2018 Volkswagen Atlas
Three Rows From Chattanooga
By Ron Amadon
HERDON, VA. – It is not just us.
In Europe, SUV’s account for one in four sales as consumers turn away from cars and demand grows for large luxury models.
Despite government moves to bolster demand for electric cars in China, SUV sales rose 21 percent in the first quarter of this year. Electric car sales were up by only four percent.
Here at home, cars are sitting longer on dealer lots as people flock to crossovers, trucks and SUV’s, and like their European neighbors, large and luxurious selections.
Now comes the Atlas, a three-row SUV with room for seven that, at 198 inches long, is roughly the size of a Ford Explorer or Nissan Pathfinder. Assembly will be carried out at the VW plant in Chattanooga, Tenn.
The largest VW offered here in the U.S., the Atlas has a longer wheelbase than rivals at 117.3 inches and that allows adults to be comfortable in a very accessible third row. Even with the third row seats in the up position there is lots of storage left over, 21 cubic feet, for their gear and that is more than most of the competition. Entry and exit is aided by a second row seat that folds and slides forward at the touch of a lever.
With all seats up, the Atlas will seat seven and offer 96.8 cubic feet of cargo hauling with the second and third rows folded.
There will be two engine selections: A 2.0-liter 235 horsepower turbo four with 258 lb-ft of torque or a 3.6-liter V6 with a more robust 276 horsepower and 266 lb-ft of torque. Both come with an 8-speed automatic with manual shifting mode. The four will be offered with front wheel drive only, while the six offers either front or VW’s 4Motion all-wheel drive. Only the six was available for a get acquainted test drive with the four making its debut sometime after the six appears in showrooms next month.
In a short outing here in suburban Virginia, the larger offering delivered more than adequate acceleration, and the 8-speed was a smooth operator.
The interior design will be familiar to any VW owner, just larger and more spacious. The leather clad seats were instantly very comfortable with a minimum of adjustments. Luxury touches were abundant, the steering wheel was right sized, and the driving position felt (almost) sporty.
Excellent sound reproduction came from the 12-channel, 480 watt Fender audio system with a dozen speakers. VW said Apple CarPlay and Android Auto are friends with the large 12.5 inch center display system.
Operators will be able to dial in extra traction in AWD models with On Road, Snow, Off Road and Custom settings. And there are four driving modes, Eco, Normal, Sport and Individual.

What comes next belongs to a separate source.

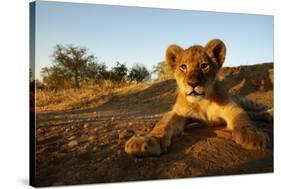 Lion Cub-Julian W.-Stretched Canvas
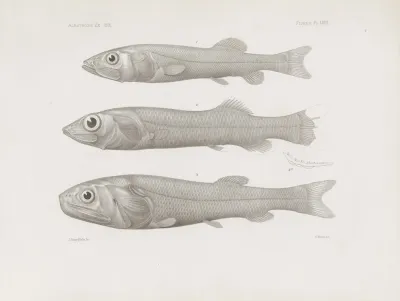 Memoirs Of The Museum Of Comparative Zoology At Harvard College Pl 58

Atlas will not shrug when it comes to model choices. S, SE, SE w/Technology, SEL and SEL Premium will be offered.
With interior luxury touches, better than expected handling and ride, the Atlas should more than meet the expectations of consumers seeking a solid, quiet, and easy to drive, slightly larger than midsize SUV.
Allow me again to applaud VW designers for making a third row seat with adequate head and leg room along with ease of access that really does allow Atlas to haul seven people. Too many three row SUV’s offer only enough room out back for small children.

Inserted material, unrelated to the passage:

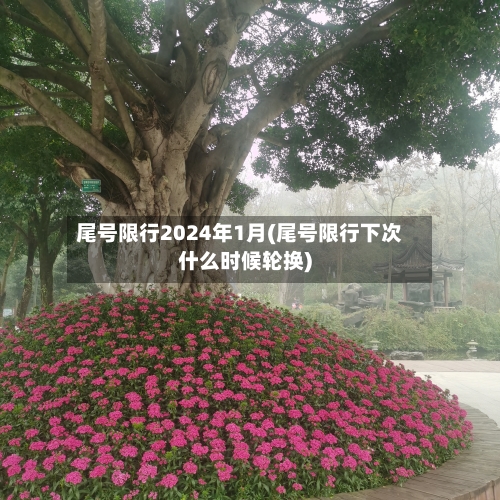 尾号限行2024年1月(尾号限行下次什么时候轮换)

Atlas pricing starts at $30,500 for the late arriving turbocharged 2.0-liter four. For the base model six, the bottom line comes to $31,900 on up to a $48,490 base for the very well-equipped SEL Premium that I drove. Atlas is scheduled to appear in showrooms next month.
At the end of the test drive, I thought, “Wow, has VW design come a long way from the days of my uncle’s bare bones bus.” As I remember my Aunt wanted zero options and in the end, the dealer kicked in the AM radio!